Le certezze nell’andare avanti, nonostante tutto.
«La stella polare è sempre stata una: pensare che io non avrei mai potuto rinunciare ai concerti. Ciò che più mi piace fare al mondo è salire su un palco, cantare le mie canzoni e godere di quell’esperienza, l’esperienza della gente che ho di fronte. È il mio spettacolo personale, sicuramente migliore di quello che io offro a loro. Uno spettacolo tutto per me, ed è davvero un peccato doverne fare a meno. Si tratta di una vera e propria dipendenza, sono un tossico del live.»
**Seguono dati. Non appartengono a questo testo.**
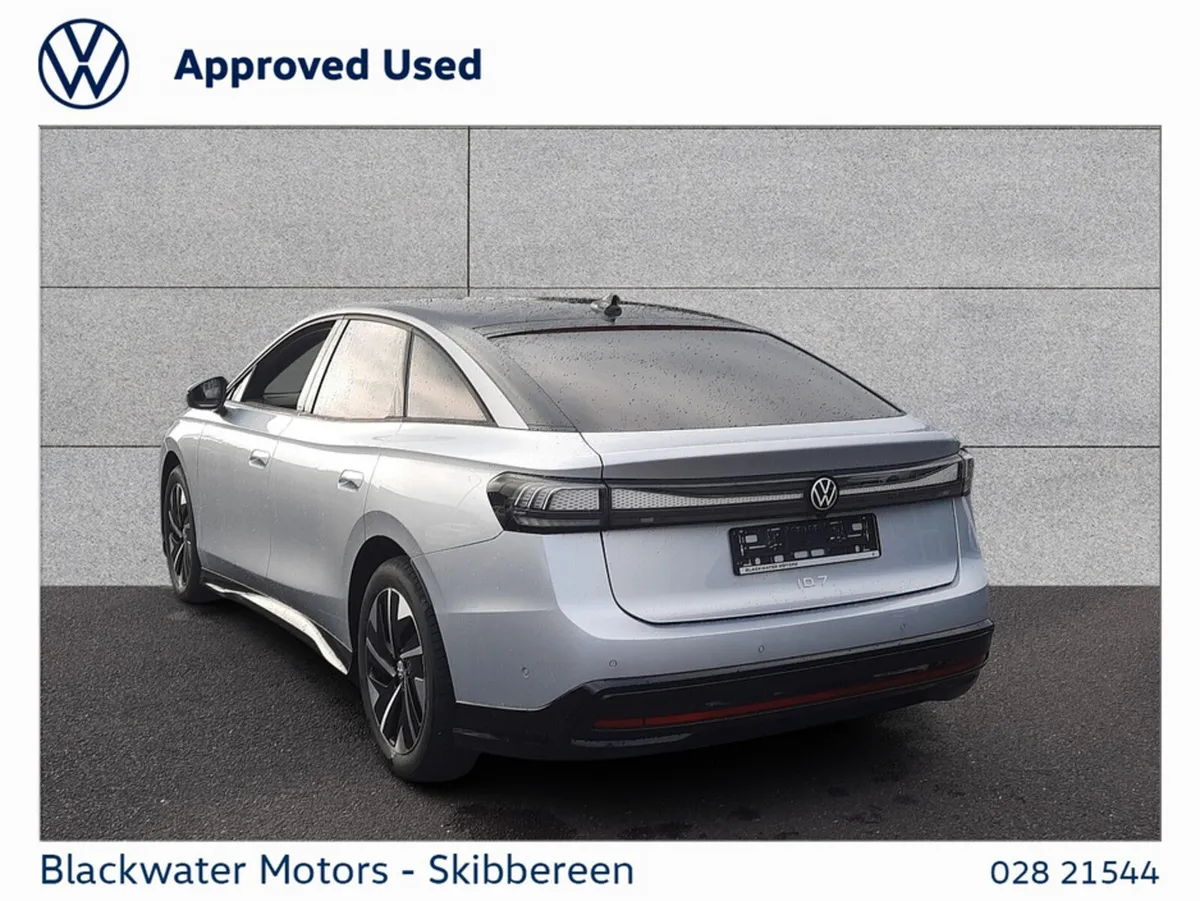 Volkswagen ID.7 Saloon, Electric, 2027, Silver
Dai parcheggi dei supermercati fino all’Rcf Arena Reggio Emilia di Campovolo, trent’anni di Liga su e giù da un palco.
«In questi trent’anni è cambiato tutto, pochissime cose sono rimaste com’erano. Sono cambiato anch’io, perché si cambia, naturalmente. Figuriamoci quando fai un mestiere con tutte quelle sollecitazioni emotive! Se mettiamo insieme il numero di canzoni pubblicate, i film, i libri, i romanzi, le raccolte di racconti, il volume di poesie… è davvero tanto. Il che vuol dire che sono sempre andato a testa bassa, a spada tratta, senza mai soffermarmi. Poi, a causa della pandemia, non potendo guardare avanti, ho dovuto fermarmi e guardare indietro. Mi ha fatto impressione, procurandomi un enorme piacere ma anche tanta nostalgia e tenerezza. Mi sono emozionato.»